Depending on gearing you can kit out various HQ's to the point that they cost more than a Land Raider. Then there are the special named HQ's that do cost more than Land Raiders. So the question is, how much is too much in terms of HQ point cost?

I personally run a Thunderwolf mounted Wolf Lord that can range from 250-290 points depending on what items I put on him. I love the character but I also feel required to give him some Thunderwolf Calvary as escorts. This boosts the cost of him beyond 500 points in terms of my list. 

Do I feel it is worth it? Definitely, I love the durability of the Lord and his buddies, and the combat punch. I do have to build my list to support this.

So how much is too much for your list? Is there exceptions to this?


----------



## Vaz (Mar 19, 2008)

Can you find any room in your army that removing all those upgrades cannot fit. Can those additional points spent do more for the army than simply hitting harder or keeping it alive longer?

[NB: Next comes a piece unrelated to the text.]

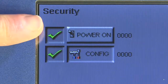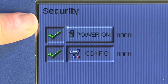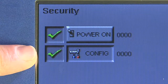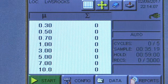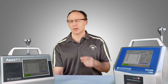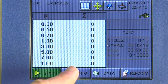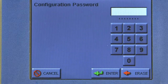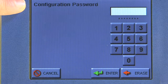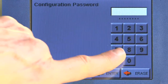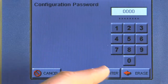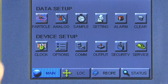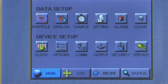So now I've set a power on password and a configuration password. If I go back to the main screen and decide I want a longer sample and I hit the configuration button, you'll notice the first thing that comes up is the configuration password prompt. I enter zero zero zero zero and hit Enter — now I can get into my configuration screen.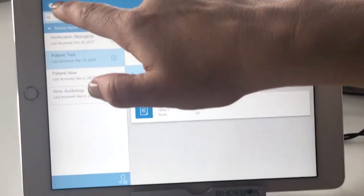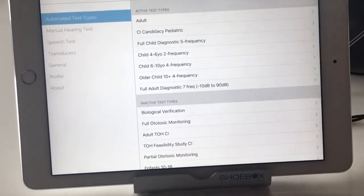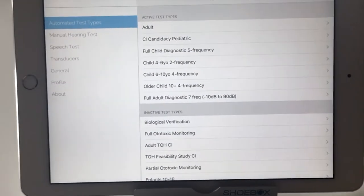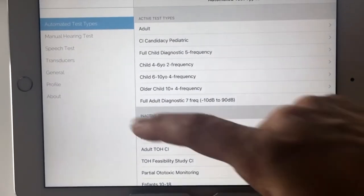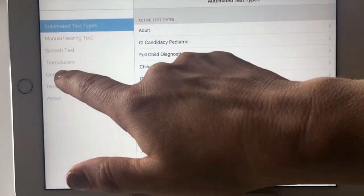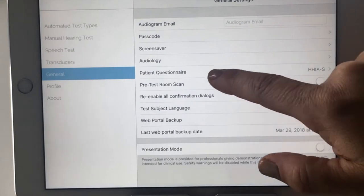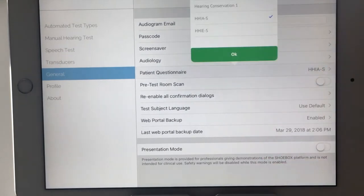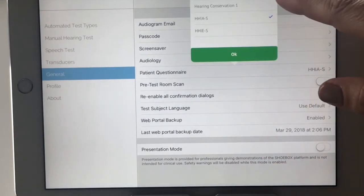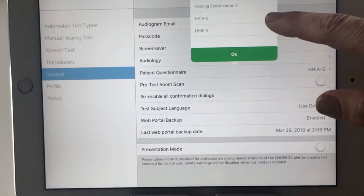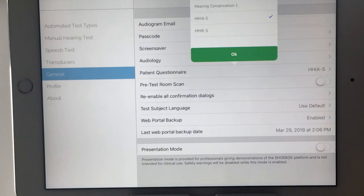In order to select the appropriate questionnaire, you would go into your settings screen, into the general section here, and your patient questionnaire. You'll see here that we have three different types of questionnaires.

For example; Dark Eldar Archons can run up quite the bill. Conversely, my Venom-spam list (consigned to the grave) has a 50pt HQ. Venomspam requires maximising bodies (or splinters, rather); spending a further 100 on keeping something alive that's not doing much for the army is a waste.


----------



## scscofield (May 23, 2011)

So cut points as much as possible to increase numbers is your mind set. Is there a HQ that breaks this mold for you?


----------



## Serpion5 (Mar 19, 2010)

The Hive Tyrant exemplifies this problem. On one hand, he can become a fast moving engine of death that will comfortably spell doom for half of my opponent's army if he can just make it to the other side of the board. 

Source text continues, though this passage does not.